An alternative method of integration first involves multiplying the numerator and denominator by $1-\sin x$: this gives $$\begin{align*} \int \frac{1}{1+\sin x} \, dx &= \int \frac{1 - \sin x}{1 - \sin^2 x} \, dx \\ &= \int \frac{1 - \sin x}{\cos^2 x} \, dx \\ &= \int \sec^2 x - \frac{\sin x}{\cos^2 x} \, dx \\ &= \tan x - \int \frac{-du}{u^2}, \quad u = \cos x, du = -\sin x \, dx \\ &= \tan x - \frac{1}{u} + C \\ &= \tan x - \sec x + C. \end{align*}$$ To see the equivalence of this form with the expression $$-\frac{2}{1+\tan \frac{x}{2}} + C,$$ consider their difference, with $\theta = x/2$: $$\begin{align*} \tan x - \sec x + \frac{2}{1 + \tan \frac{x}{2}} &= \frac{\sin 2\theta - 1}{\cos 2\theta} + \frac{2}{1 + \tan \theta} \\ &= \frac{\sin 2\theta - 1}{\cos 2\theta} + \frac{2 \cos \theta}{\sin \theta + \cos \theta} \\ &= \frac{\sin 2\theta - 1 + 2 \cos\theta(\cos \theta - \sin \theta)}{\cos 2\theta} \\ &= \frac{2 \cos^2 \theta - 1}{\cos 2\theta} \\ &= 1. \end{align*}$$ Thus their difference is constant, and both are antiderivatives.
Another approach would be to first multiply the integrand by $\dfrac{1-\sin x}{1-\sin x}$ to get $$\begin{aligned}\int \frac{1}{1+\sin x}\,dx &= \int\frac{1-\sin x}{1-\sin^2 x}\,dx\\ &= \int\frac{1-\sin x}{\cos^2x}\,dx \\ &= \int\frac{1}{\cos^2 x}-\frac{\sin x}{\cos^2 x}\,dx \\ &= \int \sec^2x -\frac{\sin x}{\cos^2x}\,dx\\ &= \ldots\end{aligned}$$ The first term is trivial to integrate, and the second integral requires the substitution $u=\cos x$. I leave it to you to finish things off.

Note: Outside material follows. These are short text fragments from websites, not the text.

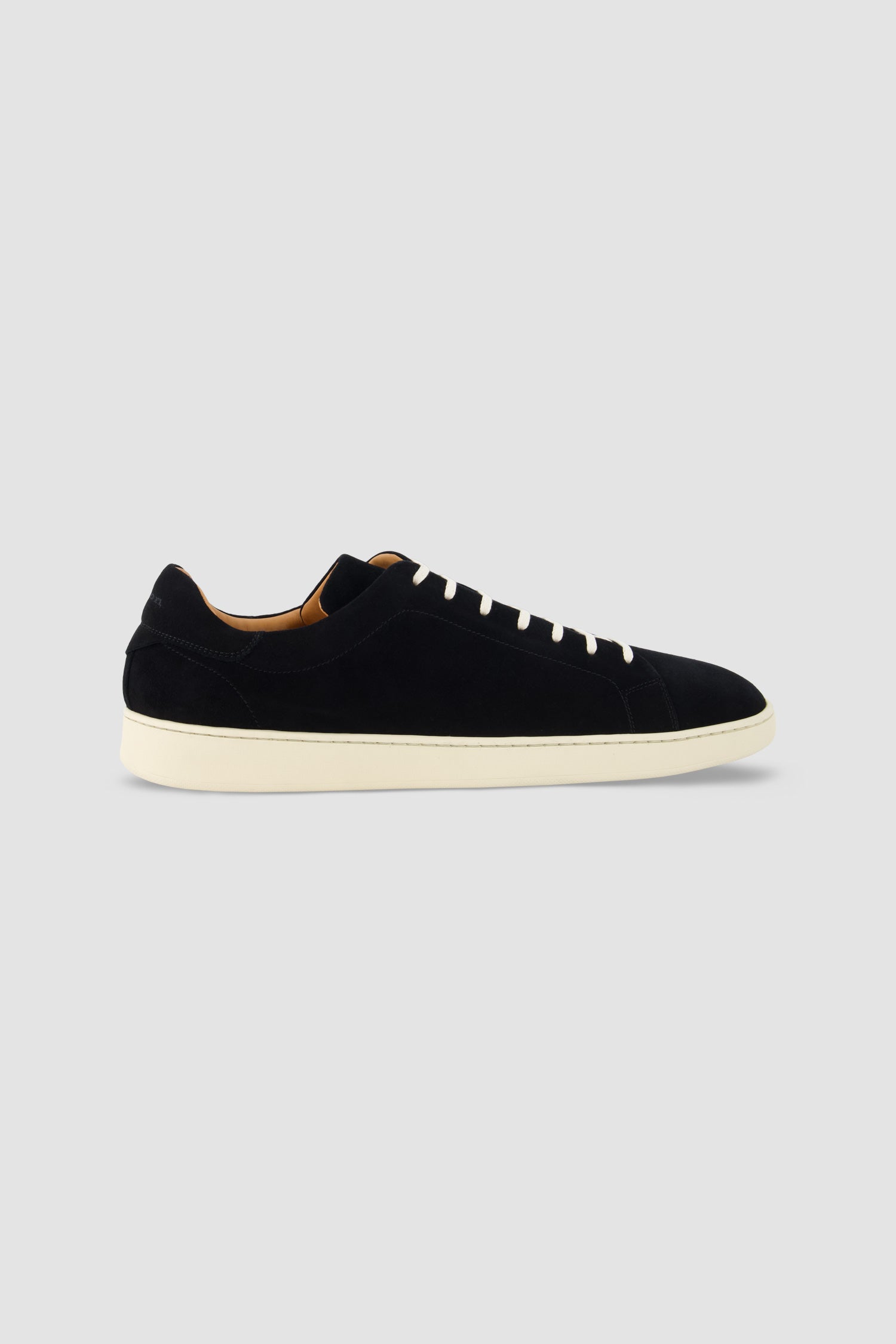 Kiton Black Canvas Sneakers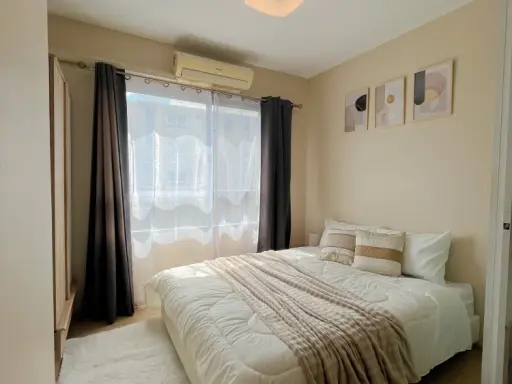 ขาย ให้เช่า Plum Condo Samakkhi ห้องแต่งสวยคุมโทน เฟอร์นิเจอร์ครบครัน หิ้วกระเป๋าเข้าอยู่ได้เลยจ้า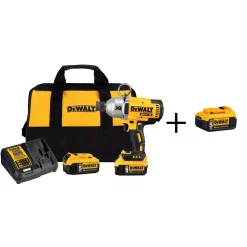 Outlet 🌟 Impact 🔧 Wrenches DEWALT 20-Volt MAX XR Cordless Brushless 7/16 In. High Torque Impact 🔧 Wrench Quick Release Chuck & (3) 20-Volt 5.0Ah Batteries ⌛
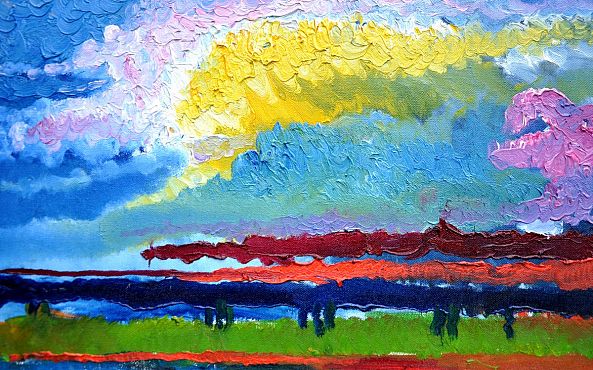 Yellow cloud-Olga Bezhina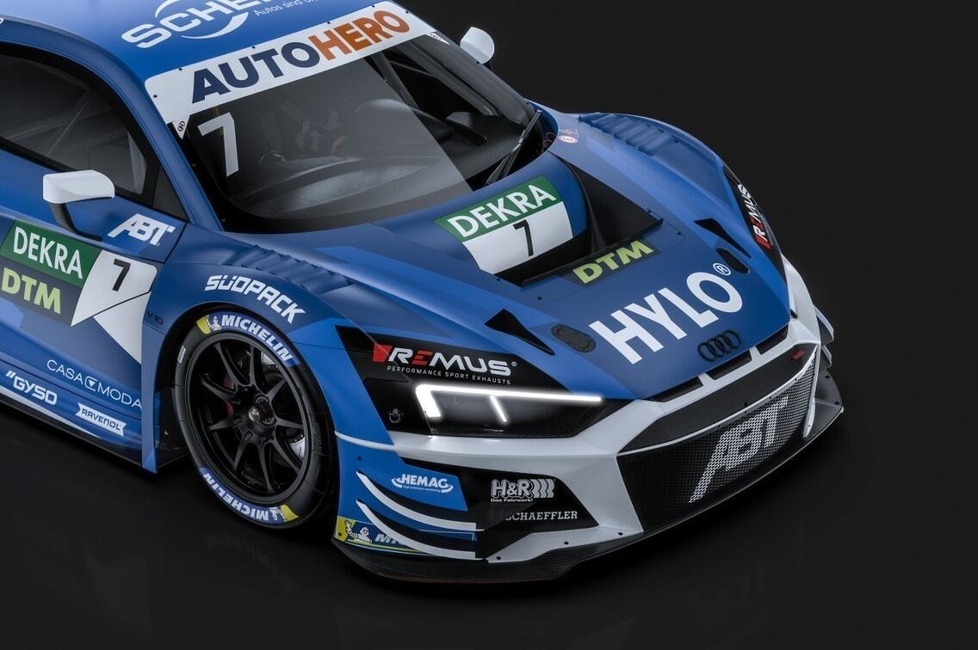 Wie die Abt-Audi-Boliden von Comeback-Star Rene Rast, GT3-Ass Kelvin van der Linde und Rohdiamant Ricardo Feller für die DTM-Saison 2022 aussehen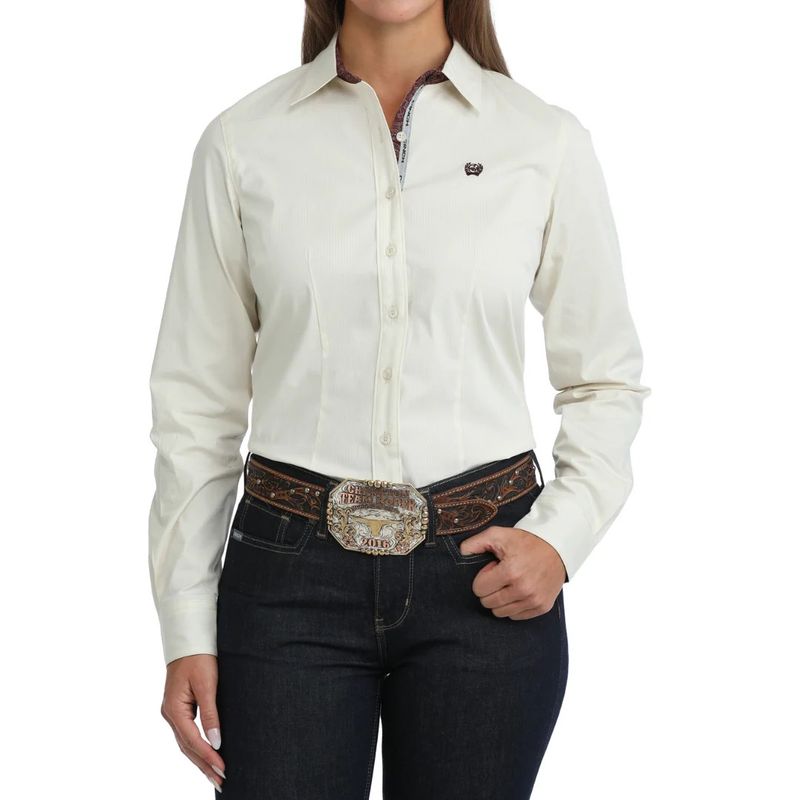 CINCH STRIPED BUTTON DOWN SHIRT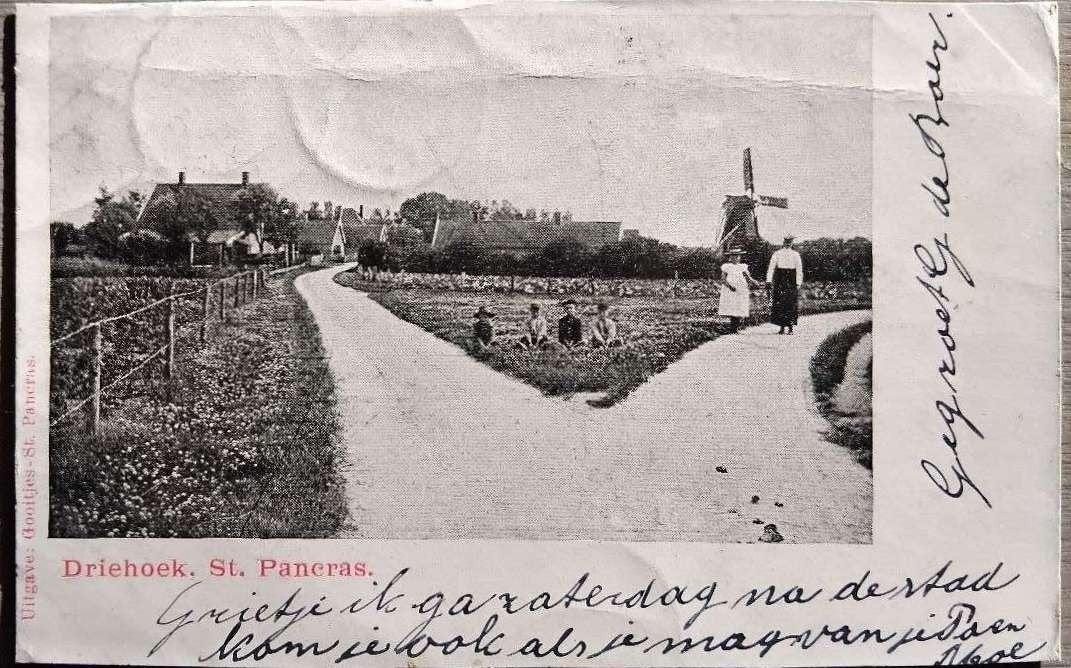 Sint Pancras (NH) naar Stompetoren – 1904, Verzenden, Voor 1920, Noord-Holland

Another answer is $$ \int\frac{1}{1+\sin x} dx=-\frac{\cos x}{1+\sin x}+c $$ To show this we write $$ \tan x-\sec x=\frac{\sin x-1}{\cos x}= \frac{(\sin x-1)\cos x}{\cos^2 x}= \frac{(\sin x-1)\cos x}{1-\sin^2 x}= \frac{(\sin x-1)\cos x}{(1-\sin x)(1+\sin x)}= -\frac{\cos x}{1+\sin x}+c $$
Another answer:
Let $x=\dfrac\pi2-2u$. Then $dx=-2du$ and so the integral is $$\int\frac{-2du}{1+\cos(2u)}=-\int \sec^2(u)du=-\tan u+c=\cdots$$ where $c$ is constant.
We used $\cos 2u=2\cos^2 u-1$ and $\sec x=\cos^{-1}x$.